▶ _Brief_
A line containing "Used 2023 Hyundai Elantra Limited" appears in the material below. Return exactly every line from the first through that one, and only those.

▶ _Records supplied_
★ ★ ★ ★

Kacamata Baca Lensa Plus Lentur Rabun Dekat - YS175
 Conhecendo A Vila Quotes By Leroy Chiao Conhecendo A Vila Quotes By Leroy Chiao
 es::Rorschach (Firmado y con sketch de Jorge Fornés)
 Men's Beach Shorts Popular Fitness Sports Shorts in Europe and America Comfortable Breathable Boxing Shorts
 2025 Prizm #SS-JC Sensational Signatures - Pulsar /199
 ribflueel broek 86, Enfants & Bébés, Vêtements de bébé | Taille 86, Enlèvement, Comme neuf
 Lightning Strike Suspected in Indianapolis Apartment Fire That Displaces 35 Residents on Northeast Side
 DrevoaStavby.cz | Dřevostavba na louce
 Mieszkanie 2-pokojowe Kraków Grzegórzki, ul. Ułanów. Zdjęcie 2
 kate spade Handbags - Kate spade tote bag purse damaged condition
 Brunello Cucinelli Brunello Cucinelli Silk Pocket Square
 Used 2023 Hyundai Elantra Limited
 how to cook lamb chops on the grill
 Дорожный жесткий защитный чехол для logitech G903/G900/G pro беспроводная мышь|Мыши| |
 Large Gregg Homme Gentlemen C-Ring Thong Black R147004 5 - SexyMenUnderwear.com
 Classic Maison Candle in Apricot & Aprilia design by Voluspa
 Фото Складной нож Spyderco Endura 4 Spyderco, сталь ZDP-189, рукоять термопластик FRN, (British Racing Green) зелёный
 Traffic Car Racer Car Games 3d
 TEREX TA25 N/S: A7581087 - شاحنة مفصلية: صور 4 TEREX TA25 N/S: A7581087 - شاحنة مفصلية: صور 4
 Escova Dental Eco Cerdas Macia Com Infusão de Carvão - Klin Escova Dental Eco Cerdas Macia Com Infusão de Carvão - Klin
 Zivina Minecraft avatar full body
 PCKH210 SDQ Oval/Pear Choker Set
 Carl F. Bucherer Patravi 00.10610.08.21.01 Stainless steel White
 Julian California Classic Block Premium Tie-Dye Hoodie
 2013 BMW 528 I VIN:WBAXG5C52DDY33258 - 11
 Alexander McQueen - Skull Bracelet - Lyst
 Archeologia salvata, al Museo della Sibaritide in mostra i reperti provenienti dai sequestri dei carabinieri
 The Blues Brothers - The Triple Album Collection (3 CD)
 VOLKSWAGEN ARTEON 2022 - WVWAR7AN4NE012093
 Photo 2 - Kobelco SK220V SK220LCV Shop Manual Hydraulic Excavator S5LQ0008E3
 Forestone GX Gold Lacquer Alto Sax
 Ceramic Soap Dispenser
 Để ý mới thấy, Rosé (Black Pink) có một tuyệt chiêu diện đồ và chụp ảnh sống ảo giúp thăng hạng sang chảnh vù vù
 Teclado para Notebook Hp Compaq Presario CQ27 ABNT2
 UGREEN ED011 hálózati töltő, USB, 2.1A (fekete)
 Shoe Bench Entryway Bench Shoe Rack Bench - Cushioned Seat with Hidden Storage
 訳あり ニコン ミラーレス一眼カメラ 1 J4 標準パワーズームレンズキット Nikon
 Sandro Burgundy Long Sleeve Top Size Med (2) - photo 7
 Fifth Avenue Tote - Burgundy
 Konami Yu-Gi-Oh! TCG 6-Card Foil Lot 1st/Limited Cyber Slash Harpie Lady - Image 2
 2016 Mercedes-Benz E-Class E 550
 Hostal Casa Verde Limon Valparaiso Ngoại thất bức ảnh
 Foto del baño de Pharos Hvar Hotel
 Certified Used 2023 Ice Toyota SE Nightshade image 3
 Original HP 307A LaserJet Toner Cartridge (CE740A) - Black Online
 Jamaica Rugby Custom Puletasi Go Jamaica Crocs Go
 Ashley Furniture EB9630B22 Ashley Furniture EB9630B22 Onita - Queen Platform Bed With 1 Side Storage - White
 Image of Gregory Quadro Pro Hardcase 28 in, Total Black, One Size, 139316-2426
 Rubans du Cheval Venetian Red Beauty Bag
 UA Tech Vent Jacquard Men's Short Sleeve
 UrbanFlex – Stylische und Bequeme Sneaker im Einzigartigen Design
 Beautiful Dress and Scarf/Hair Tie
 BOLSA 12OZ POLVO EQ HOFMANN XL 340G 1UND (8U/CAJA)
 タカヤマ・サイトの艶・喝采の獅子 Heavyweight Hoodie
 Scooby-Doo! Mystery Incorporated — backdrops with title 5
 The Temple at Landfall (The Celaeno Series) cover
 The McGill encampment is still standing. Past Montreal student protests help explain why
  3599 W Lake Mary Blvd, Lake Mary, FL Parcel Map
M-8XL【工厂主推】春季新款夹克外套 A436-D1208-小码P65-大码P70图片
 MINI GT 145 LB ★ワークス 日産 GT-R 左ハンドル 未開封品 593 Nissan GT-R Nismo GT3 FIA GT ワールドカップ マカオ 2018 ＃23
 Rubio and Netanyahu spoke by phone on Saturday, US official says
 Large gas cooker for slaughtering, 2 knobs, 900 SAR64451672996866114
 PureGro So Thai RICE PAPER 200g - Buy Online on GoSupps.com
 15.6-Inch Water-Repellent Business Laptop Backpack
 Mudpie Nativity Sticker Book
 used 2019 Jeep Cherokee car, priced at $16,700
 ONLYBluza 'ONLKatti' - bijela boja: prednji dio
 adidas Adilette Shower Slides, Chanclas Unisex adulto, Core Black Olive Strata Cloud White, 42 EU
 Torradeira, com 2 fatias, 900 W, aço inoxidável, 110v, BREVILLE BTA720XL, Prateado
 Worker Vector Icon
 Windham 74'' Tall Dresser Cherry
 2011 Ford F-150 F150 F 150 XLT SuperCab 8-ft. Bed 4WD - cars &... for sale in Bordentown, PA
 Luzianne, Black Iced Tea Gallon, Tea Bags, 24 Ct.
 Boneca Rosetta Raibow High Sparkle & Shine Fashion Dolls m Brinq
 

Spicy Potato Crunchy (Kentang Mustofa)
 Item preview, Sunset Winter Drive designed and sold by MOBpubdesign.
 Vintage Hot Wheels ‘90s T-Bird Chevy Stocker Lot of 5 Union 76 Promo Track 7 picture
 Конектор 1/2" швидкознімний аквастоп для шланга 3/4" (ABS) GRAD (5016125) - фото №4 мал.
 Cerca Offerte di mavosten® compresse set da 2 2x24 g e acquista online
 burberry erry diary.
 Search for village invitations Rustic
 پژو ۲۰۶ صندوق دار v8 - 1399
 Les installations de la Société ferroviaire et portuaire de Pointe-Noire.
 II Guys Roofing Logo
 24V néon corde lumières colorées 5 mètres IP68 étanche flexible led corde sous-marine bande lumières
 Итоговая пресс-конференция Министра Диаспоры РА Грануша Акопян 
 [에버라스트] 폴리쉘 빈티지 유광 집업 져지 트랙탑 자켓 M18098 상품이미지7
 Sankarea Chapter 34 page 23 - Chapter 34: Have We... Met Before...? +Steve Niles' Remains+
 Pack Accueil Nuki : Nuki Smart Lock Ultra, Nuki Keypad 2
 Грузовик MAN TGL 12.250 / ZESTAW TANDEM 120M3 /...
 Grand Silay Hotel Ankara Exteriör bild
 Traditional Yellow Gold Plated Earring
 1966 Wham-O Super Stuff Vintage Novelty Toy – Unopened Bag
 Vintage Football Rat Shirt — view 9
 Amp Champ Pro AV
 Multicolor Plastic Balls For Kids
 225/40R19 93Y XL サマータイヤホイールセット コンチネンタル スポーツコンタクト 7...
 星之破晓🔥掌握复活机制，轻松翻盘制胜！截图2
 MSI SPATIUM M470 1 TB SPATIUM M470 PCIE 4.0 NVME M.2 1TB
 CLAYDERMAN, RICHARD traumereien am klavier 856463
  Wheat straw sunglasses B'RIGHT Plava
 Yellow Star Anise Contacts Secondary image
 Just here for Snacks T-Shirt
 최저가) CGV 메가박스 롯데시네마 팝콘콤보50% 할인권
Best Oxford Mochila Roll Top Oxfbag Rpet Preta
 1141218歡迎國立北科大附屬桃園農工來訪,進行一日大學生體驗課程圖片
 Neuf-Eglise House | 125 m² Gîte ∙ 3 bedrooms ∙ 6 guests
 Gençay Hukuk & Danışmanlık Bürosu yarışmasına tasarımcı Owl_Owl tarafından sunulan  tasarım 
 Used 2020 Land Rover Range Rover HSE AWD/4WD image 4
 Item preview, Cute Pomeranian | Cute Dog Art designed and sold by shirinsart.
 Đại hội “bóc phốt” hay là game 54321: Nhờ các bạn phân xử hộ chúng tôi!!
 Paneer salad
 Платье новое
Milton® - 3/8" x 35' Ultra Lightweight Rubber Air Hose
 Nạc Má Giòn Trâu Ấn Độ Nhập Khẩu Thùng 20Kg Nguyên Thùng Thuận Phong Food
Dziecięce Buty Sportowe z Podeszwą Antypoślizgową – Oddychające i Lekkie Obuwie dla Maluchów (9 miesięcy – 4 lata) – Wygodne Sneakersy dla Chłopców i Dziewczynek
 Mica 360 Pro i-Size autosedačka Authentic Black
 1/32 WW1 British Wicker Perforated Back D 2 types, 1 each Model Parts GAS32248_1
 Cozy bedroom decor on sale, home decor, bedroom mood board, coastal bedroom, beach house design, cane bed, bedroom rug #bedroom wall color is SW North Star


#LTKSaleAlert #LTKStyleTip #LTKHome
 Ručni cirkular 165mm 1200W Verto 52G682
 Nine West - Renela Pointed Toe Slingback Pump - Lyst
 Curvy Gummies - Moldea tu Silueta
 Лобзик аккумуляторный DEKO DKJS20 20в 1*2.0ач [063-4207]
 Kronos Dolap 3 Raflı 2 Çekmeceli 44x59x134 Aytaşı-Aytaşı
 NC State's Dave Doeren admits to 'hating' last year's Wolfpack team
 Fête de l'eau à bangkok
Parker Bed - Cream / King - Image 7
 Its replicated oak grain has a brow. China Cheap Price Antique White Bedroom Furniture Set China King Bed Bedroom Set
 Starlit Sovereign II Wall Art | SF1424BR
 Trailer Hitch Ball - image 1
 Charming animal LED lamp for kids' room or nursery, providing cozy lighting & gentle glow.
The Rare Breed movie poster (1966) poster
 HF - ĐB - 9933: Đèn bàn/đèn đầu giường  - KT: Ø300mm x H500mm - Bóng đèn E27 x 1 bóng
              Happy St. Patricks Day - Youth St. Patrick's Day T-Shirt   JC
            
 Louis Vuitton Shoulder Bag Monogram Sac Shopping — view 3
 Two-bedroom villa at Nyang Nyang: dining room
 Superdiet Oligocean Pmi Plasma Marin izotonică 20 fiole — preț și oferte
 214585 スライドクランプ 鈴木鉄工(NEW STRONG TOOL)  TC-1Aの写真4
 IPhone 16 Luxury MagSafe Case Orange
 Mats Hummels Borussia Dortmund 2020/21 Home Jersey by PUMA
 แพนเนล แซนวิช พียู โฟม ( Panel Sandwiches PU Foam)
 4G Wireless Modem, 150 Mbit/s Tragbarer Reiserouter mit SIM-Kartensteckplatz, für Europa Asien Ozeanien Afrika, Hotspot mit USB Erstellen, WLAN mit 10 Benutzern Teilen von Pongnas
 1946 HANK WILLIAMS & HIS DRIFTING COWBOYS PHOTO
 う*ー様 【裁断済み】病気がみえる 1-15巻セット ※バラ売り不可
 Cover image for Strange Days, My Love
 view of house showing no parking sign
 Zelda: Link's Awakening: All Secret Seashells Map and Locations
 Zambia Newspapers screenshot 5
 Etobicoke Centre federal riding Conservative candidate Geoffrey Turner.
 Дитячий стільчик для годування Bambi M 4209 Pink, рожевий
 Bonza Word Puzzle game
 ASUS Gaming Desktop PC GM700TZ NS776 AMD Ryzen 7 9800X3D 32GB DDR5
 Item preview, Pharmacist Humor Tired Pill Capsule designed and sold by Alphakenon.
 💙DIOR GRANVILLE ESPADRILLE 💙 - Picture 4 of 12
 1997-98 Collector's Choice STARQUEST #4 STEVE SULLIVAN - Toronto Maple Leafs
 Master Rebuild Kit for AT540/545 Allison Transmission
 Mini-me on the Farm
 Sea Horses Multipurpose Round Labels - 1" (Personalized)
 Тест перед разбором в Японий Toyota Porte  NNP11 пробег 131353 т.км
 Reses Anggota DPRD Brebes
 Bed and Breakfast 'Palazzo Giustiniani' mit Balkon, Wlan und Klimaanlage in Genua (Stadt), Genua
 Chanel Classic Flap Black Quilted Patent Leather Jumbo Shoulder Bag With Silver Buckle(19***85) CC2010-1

★ ★ ★ ★

▶ _Exercise response_
Kacamata Baca Lensa Plus Lentur Rabun Dekat - YS175
 Conhecendo A Vila Quotes By Leroy Chiao Conhecendo A Vila Quotes By Leroy Chiao
 es::Rorschach (Firmado y con sketch de Jorge Fornés)
 Men's Beach Shorts Popular Fitness Sports Shorts in Europe and America Comfortable Breathable Boxing Shorts
 2025 Prizm #SS-JC Sensational Signatures - Pulsar /199
 ribflueel broek 86, Enfants & Bébés, Vêtements de bébé | Taille 86, Enlèvement, Comme neuf
 Lightning Strike Suspected in Indianapolis Apartment Fire That Displaces 35 Residents on Northeast Side
 DrevoaStavby.cz | Dřevostavba na louce
 Mieszkanie 2-pokojowe Kraków Grzegórzki, ul. Ułanów. Zdjęcie 2
 kate spade Handbags - Kate spade tote bag purse damaged condition
 Brunello Cucinelli Brunello Cucinelli Silk Pocket Square
 Used 2023 Hyundai Elantra Limited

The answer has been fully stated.